Teachers Go to School, Too!
By Jeanne Sager
LIBERTY November 13, 2007 The kids were home, but school was in session last Tuesday in Sullivan County.
Teachers and educational support staff spent Election Day in classes of their own, spread out among sites around the county.
A countywide conference day, Tuesday was the second helping of a program started last school year by Sullivan County BOCES.
Shifted from one location last year to spots for elementary, middle and high school this November, the conference allowed the 1,400-some educators a rare chance to sit with their colleagues, have a cup of coffee, and swap stories.
The make-up of the school calendar makes opportunities like those created at the conference an expectation rather than the rule, said BOCES Assistant Superintendent for Instructional Support Services Barbara Blakey.
“Having the common days is important,” Blakey said. “None of our teachers really want to leave the kids.”
Even when the teachers agree, pulling out entire departments from multiple districts creates a substitute staff crisis.
What the conference day did last week was bring together teachers, psychologists, aides and other folks who are involved with kids on similar levels to learn new ways to approach the same thing.

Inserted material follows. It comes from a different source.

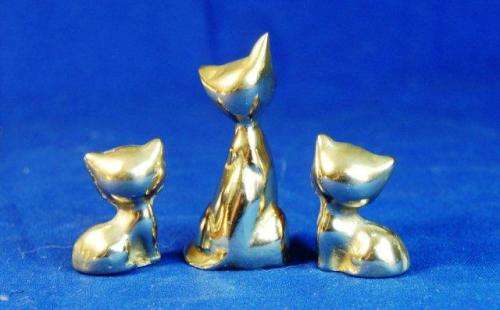 Solid Brass Cat & 2 Kittens - Tallest 70mm - Sold as one lot.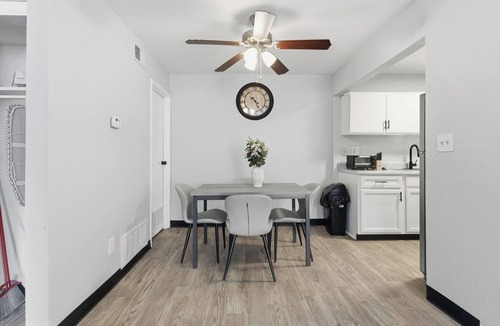 South Kansas City Apartment | Welcoming apartment with modern style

Keynote speakers at the “elementary” site focused on the expectations of the children themselves, what the kids like about school throughout the day.

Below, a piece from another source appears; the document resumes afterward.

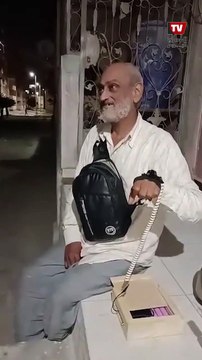 عم سامي كفيف بدرجة مخترع.. اخترع جهاز إنذار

A middle school speaker separated out the kids in grades five through eight from the younger and older students.
“Your middle school student is not a tall elementary student, nor are they a short high school child,” Blakey summed up.
For high school staff, the message was behavior and the dozens of reasons behind why teens do what they do.
Separating the educators into groups this year allowed for that diversified approach to learning, Blakey said.
More importantly, it allowed BOCES to plan one-on-one sessions and common breaks into the day.
Teachers got to chat with people from their own buildings who they don’t get to see on a regular basis. They got to sit and compare Regents preparation tips with folks in similar situations three districts away.
It’s prompted a reawakening of groups that were once active in the county, Blakey said.
Foreign language teachers have already spoken with her about resurrecting the long-dormant Foreign Language Teachers Association.
A similar plan is in the works for social studies staffers.
Blakey’s hope is growth from there with increased interest from educators in other areas of study.
“Every section of our educational system is a little different,” Blakey explained. “Every educator has to be a little different.
“People really enjoy being in sessions with their colleagues,” she continued. “They’ve said, ‘I know where my students fall down on Regents exams, and I’d love to talk to my colleagues about their strategies.’”
BOCES will be fostering those connections perhaps with more countywide conferences, perhaps with more specialized programming.
The cooperative system has the tools to make otherwise difficult connections work.
“Every day in the classroom is precious,” Blakey explained. “We have to respect that but still give these educators what they need.”